2) So, Russia and USA & Britain are involved in some recent and ongoing armed conflicts (all of them near Russian borders, I'd note). There's some difference in coverage of said conflicts between Russian and English Wikipedias, sure (though I skimmed the linked articles and didn't immediately notice blatant censorship on either side). And you cite that as Russians rewriting "all political and history pages"? Seriously?
3) The "lol" one is the coolest. "Ukrainian armed forces: 232,000 … 15,000 defected to Russia." Didn't see the figure before. If Russian Wikipedia was a worthy piece of pro-Russian propaganda, of course it would also have this figure in a prominent box. Alas, Russian Wikipedia is worse than English one at almost anything, including pro-Russian propaganda.
That's not what GP means by "liberal"; "liberal" in this sense refers to the belief and support of the current "democratic" establishment, the right to private property, the idea of human rights, and freedoms defined as matters of separation between people (i.e. the assumption of the person or people attempting to take them away rather than a positive conception in human community). In this view, both US 'liberals' and US 'conservatives' are both liberal. Thus, what GP means by 'non-liberal' includes the critics of liberalism, most notably ones on the left.

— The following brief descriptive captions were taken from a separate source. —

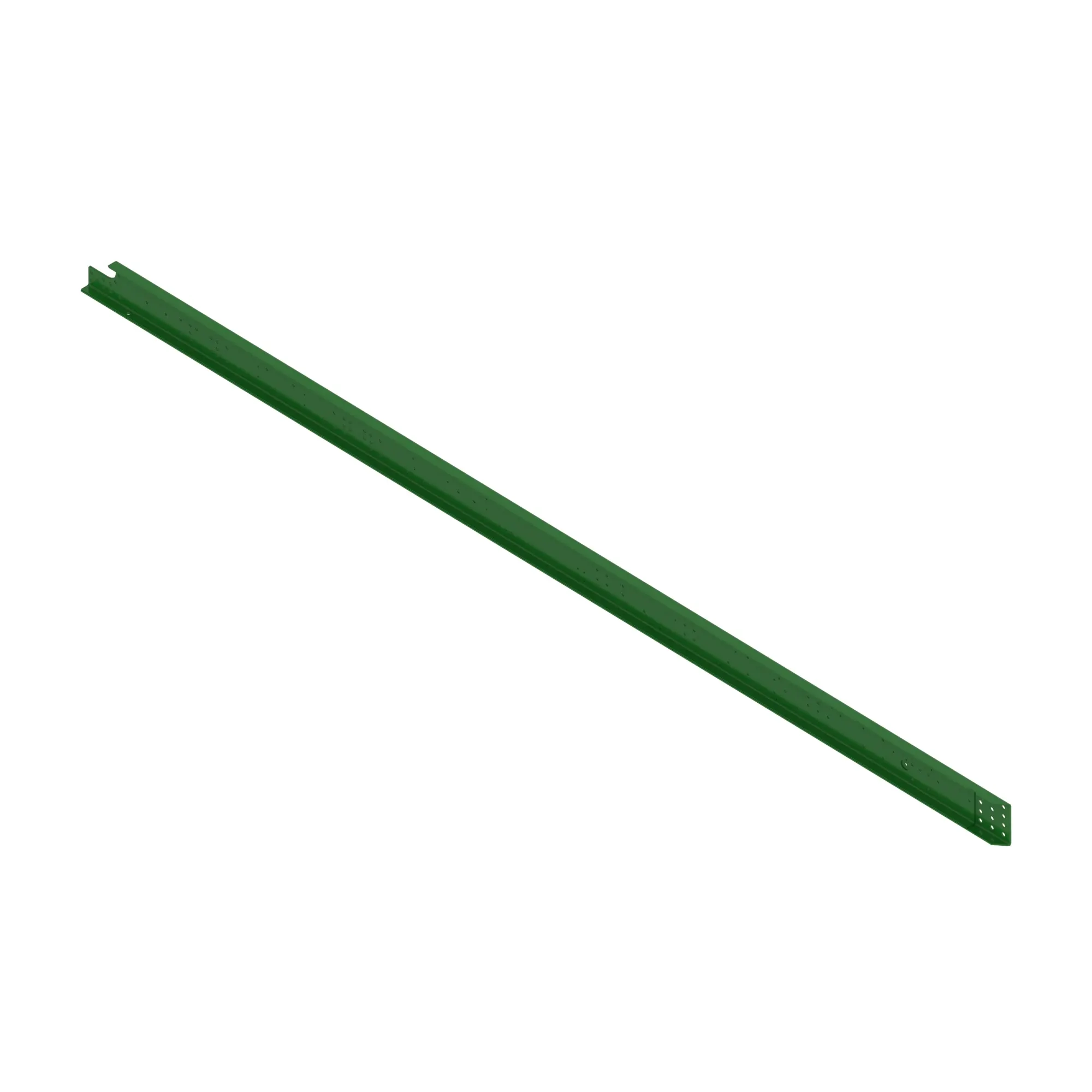 LH FRAME RAIL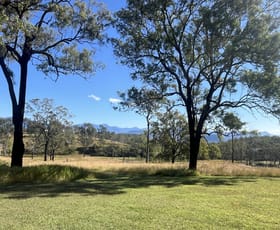 Rural / Farming commercial property for sale at 2019 Boonah Rathdowney Road Coochin QLD 4310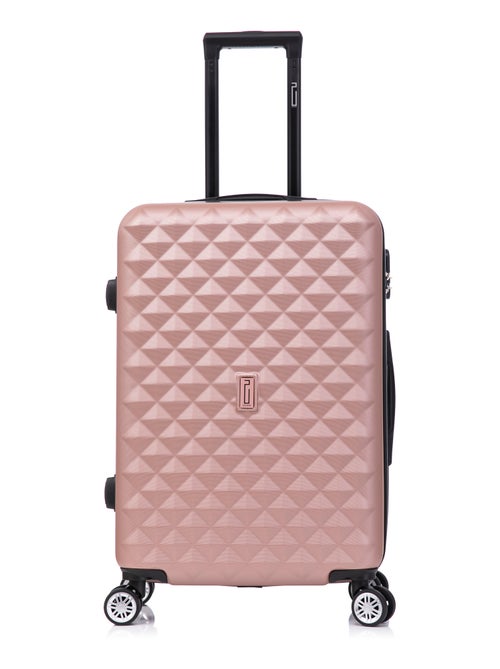 Valise Moyenne 65x42x26 | Serrure Intégrée | CELIMS France - Kiabi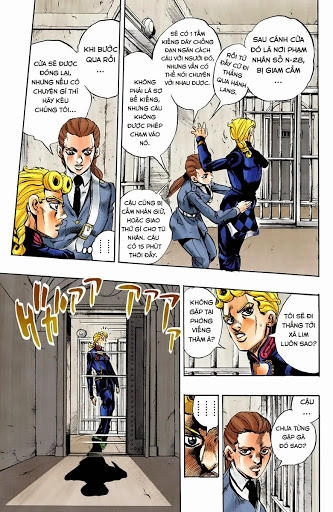 Cuộc Phiêu Lưu Bí Ẩn Chapter 448 - 10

Whenever Wikipedia is mentioned in hackernews, it's always the same comment. Have you got anything new to add, or any substantial argument to support your position? As it stands it's a pretty serious accusation and a pretty thin argument.
I've rarely seen this comment on hackernews about wikipedia. I think you may have been thrown off by the use of "liberal" to think it's a right-wing critique. Incidentally, the complaints I'm used to are that "they keep deleting the thing that I'm involved with that I think is notable" "they won't let me edit myself even though I'm an expert on myself" and "weird editors squat articles."
This is a "wikipedia is completely western and whiggish" critique.